Keep an eye on the black bar above the keyboard and note how it changes based on the cursor position. It’s not perfect, but its top couple matches are usually right.
Future Improvements
For now, I kept the code completion window separate from this predictor but I can imagine fusing them at some point. In early versions I did present the predictions in the floating window, but that got obnoxious.
There’s certainly room for the network to grow. I am considering change the inputs yet again to see if I can get decent variable name prediction. Right now, when the network detects with 99% certainty that you need to enter a name, then it should make some guesses. I would also like to add back in some whitespace support - for example, knowing when to start a new line - but then it’s making stylistic decisions.

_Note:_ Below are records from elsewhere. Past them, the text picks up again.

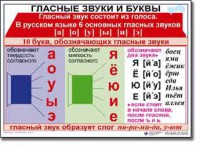 Комплект таблиц по русскому языку для начальной школы. Русский язык 1 класс - fgospostavki.ru - Артёмовский
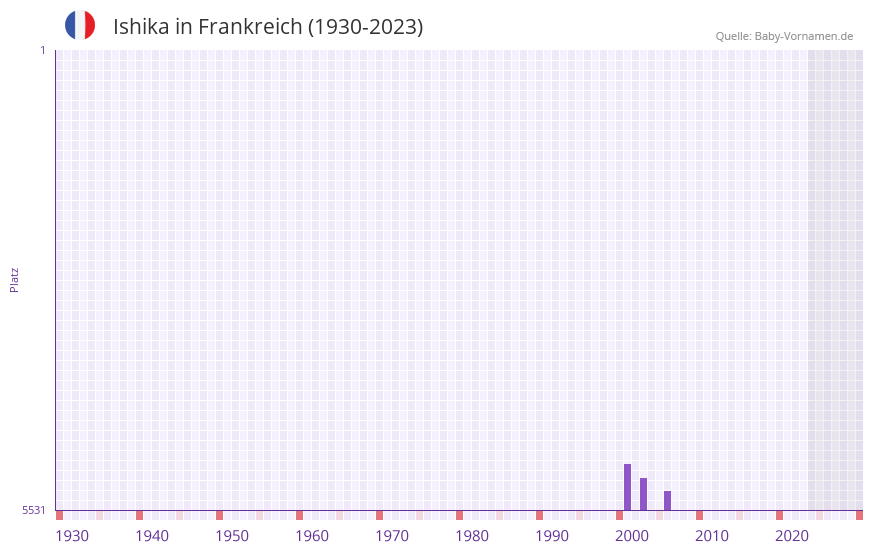 Ishika in der Vornamen-Hitliste von Frankreich (1930-2023) Ishika in der Vornamen-Hitliste von Frankreich (1930-2023)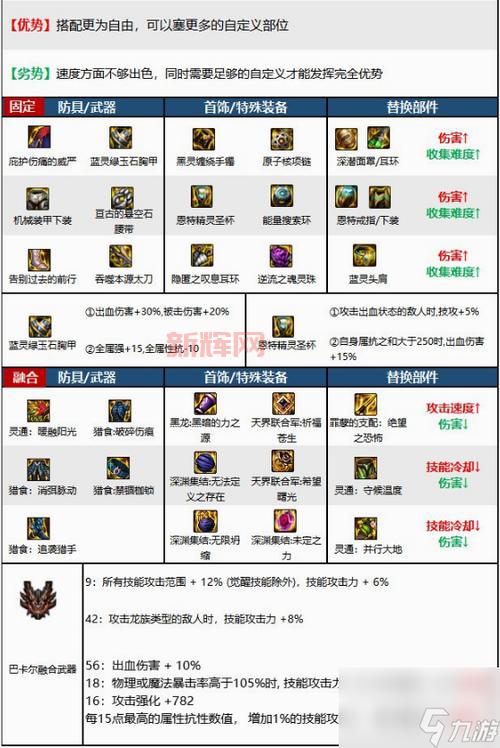 dnf决斗者装备搭配选哪个好?老玩家教你轻松毕业!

I am also playing with giving the network more context to work with. I can use Roslyn’s syntax tree to provide the network with a lot of direct context that it won’t need to learn on its own. This should simplify the network and make it more accurate.
In all, I think that there are a lot of ways to improve this and make little neural assistant programmers a possibility. But for now, I just love seeing it say “you really want to put an if statement here”.